# Class 3 homework: understanding python commands

This notebook briefly revises how to think about python syntax and break down commands to build your understanding. It connects to and builds on the Class 1 homework, so you may wish to revise that first.

The main idea is that **complex commands are built up from simple commands**. So, understanding a complex command involves breaking it down into simple parts. And, doing something complex involves putting together the right simpler ingredients.

We will start by loading a data frame.


In [None]:
import pandas as pd
import numpy as np

In [None]:
df = pd.read_csv('../Datasets/count.csv')

## Reminder: punctuation, quotes, brackets, are important!

What's going on in each of these lines of code?

Try to predict what each line does, then run it and try to understand the output or error message.

In [None]:
df

In [None]:
"df"

In [None]:
'df'

In [None]:
print(df)

In [None]:
print("df")

In [None]:
print("df'")

## Breaking down a complex command into parts

Suppose you encounter a complex command, how do you go about understanding it?

For example, the next command.

In [None]:
np.log10(df.iloc[:, 1:2])

How can you figure out this complex command?

Break it down from the inside to the outside. Ask for help.

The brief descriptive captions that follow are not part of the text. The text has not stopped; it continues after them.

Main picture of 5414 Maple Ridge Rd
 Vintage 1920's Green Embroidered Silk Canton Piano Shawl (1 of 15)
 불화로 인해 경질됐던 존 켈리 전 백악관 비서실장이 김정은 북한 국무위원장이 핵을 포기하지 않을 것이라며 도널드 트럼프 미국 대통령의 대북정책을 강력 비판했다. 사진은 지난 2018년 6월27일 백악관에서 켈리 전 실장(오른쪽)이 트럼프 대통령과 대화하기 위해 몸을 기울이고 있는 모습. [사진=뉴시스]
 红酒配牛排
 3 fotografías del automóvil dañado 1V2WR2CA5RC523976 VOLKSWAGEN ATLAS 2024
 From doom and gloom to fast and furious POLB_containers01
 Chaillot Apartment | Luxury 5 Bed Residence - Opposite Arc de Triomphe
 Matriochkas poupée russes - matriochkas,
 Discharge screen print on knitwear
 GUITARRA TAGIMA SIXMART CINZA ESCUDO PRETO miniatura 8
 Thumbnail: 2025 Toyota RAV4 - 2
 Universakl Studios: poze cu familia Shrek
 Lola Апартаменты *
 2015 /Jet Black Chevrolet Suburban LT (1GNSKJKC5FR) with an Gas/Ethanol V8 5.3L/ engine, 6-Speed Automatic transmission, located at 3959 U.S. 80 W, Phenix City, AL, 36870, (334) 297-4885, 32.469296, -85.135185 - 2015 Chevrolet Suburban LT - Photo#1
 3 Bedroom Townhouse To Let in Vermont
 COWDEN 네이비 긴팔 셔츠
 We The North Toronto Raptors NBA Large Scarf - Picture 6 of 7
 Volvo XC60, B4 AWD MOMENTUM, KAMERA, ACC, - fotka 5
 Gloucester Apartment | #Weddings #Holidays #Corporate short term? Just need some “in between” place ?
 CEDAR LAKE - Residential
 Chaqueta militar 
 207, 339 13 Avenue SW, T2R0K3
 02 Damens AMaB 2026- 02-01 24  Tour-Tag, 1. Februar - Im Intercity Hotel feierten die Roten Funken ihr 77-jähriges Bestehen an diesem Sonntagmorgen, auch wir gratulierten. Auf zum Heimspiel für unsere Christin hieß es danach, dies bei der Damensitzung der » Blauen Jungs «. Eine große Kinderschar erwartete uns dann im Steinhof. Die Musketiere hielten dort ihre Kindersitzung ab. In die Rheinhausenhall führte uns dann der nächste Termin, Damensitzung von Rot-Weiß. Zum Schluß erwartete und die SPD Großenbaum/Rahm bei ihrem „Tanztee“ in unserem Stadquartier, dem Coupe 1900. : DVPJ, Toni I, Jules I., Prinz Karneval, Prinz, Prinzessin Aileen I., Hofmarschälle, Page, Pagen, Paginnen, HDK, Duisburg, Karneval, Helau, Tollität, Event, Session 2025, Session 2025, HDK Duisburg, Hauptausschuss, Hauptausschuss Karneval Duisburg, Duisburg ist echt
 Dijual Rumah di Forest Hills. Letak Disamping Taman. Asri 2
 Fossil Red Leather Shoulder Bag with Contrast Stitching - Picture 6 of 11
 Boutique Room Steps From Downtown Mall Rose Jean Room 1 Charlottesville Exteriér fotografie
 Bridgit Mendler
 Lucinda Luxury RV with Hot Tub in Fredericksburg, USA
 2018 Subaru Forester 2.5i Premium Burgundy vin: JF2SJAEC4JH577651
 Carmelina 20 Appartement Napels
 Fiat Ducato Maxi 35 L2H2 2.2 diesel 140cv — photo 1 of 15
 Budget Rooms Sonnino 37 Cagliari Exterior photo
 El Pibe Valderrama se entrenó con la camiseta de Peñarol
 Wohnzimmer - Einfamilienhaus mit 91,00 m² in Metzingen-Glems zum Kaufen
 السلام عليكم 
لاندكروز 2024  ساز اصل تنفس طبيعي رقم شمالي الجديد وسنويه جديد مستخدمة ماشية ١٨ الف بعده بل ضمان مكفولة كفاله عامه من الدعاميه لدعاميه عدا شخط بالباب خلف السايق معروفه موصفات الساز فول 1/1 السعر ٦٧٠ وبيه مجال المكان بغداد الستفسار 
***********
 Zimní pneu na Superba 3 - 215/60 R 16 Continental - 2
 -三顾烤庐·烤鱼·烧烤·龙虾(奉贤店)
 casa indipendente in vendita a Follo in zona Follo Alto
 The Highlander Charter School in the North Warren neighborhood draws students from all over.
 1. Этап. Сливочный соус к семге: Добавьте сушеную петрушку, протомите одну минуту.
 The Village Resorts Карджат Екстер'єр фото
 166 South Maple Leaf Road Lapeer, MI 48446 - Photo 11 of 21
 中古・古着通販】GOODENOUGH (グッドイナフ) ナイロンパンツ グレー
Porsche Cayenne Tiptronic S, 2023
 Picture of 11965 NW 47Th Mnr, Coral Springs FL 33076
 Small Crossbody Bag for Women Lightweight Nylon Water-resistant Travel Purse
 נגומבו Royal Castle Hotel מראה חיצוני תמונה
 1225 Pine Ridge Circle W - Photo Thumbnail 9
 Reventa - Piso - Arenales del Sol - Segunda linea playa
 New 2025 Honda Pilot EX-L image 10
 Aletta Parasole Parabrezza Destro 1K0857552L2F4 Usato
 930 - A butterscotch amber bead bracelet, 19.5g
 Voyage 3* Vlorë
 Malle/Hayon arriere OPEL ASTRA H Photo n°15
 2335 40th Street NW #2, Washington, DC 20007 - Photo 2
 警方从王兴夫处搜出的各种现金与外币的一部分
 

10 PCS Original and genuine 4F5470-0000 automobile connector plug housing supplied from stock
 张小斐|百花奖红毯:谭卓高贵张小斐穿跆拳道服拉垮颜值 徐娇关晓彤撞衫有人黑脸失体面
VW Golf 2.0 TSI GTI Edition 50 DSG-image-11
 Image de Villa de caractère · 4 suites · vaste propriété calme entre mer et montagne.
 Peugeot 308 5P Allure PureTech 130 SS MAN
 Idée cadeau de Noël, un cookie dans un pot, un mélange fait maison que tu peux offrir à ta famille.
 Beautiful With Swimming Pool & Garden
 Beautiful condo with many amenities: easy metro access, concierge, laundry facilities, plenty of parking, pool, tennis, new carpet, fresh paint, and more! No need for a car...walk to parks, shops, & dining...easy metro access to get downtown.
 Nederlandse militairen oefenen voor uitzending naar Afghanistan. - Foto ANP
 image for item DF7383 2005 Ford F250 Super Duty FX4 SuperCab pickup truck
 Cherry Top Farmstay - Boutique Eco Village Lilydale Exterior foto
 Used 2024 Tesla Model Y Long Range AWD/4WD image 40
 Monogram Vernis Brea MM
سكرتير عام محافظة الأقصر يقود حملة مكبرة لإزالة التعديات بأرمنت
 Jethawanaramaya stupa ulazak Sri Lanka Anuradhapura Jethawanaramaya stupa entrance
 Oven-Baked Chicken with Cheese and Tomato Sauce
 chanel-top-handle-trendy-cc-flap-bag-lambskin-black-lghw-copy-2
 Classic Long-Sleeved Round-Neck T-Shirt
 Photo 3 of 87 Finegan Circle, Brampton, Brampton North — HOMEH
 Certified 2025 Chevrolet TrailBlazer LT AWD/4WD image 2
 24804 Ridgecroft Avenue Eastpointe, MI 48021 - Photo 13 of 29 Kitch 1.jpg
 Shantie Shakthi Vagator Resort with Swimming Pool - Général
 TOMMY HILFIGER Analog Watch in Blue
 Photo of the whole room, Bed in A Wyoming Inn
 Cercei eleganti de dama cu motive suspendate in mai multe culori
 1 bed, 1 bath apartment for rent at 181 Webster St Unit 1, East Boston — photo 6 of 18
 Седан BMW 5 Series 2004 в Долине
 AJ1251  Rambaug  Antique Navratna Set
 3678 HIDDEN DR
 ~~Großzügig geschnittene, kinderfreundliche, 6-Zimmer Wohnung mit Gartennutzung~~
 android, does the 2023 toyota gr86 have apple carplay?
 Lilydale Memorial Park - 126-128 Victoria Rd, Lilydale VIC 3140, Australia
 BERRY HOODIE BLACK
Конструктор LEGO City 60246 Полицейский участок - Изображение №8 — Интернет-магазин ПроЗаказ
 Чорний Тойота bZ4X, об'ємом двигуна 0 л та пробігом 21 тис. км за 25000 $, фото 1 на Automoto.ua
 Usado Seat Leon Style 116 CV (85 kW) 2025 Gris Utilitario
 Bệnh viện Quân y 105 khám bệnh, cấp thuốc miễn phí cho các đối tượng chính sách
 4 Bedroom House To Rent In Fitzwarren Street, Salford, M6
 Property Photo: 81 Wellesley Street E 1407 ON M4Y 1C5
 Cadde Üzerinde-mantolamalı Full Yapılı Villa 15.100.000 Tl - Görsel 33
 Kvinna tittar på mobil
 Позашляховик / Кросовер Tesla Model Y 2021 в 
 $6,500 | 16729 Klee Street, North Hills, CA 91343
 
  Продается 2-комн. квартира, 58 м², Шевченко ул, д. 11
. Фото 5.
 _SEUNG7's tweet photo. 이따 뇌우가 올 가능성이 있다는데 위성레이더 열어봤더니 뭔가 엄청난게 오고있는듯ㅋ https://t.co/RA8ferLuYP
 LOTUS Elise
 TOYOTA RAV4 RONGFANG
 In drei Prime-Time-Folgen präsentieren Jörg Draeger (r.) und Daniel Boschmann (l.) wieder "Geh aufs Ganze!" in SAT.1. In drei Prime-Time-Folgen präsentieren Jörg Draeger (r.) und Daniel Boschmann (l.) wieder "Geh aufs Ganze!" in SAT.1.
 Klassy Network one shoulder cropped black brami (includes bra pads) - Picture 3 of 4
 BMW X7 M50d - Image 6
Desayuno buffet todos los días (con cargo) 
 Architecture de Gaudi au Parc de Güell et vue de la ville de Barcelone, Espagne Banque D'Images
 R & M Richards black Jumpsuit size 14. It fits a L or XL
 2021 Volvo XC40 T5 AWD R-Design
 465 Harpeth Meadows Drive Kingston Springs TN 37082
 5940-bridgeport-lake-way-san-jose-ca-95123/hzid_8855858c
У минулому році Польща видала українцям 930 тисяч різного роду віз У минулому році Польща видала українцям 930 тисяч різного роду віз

Try these commands, then try to explain in words what the more complex command is doing.

In [None]:
df.iloc?

In [None]:
df.iloc[:, 1:2]

Try some variations on that command - edit the `:` and the numbers to see what changes.

In [None]:
?np.log10

## Another complex command

Take the same approach to the following command. This one builds up a complex command using the Python approach where a method, or bound function, is added on to the end of a variable with a dot. Just like, we run the function `head` on a data frame like `df` by typing `df.head()`.

Only, this command does that again and again.


In [None]:
pd.read_csv('../Datasets/gannets.csv').sort_values('male', ascending = False).head(10)

Don't panic! What are the simple parts? Can you ask for help on them? What does each one do?

In this example, it would give more readable code to first load the data and assign in to a data frame. Then to sort values, and so on. This step-by-step approach is what we've been doing in most of the class notebooks.

In a previous homework, we remarked that there are many ways to do the same thing, and that's the worst part about learning Python. Sometimes one way to do something is easier to follow than another way, for example, if it's clear that one step is happening at a time. Try doing things so that they are easy to follow.

## Order and repetition

What's happening in the following code, if you run it in order?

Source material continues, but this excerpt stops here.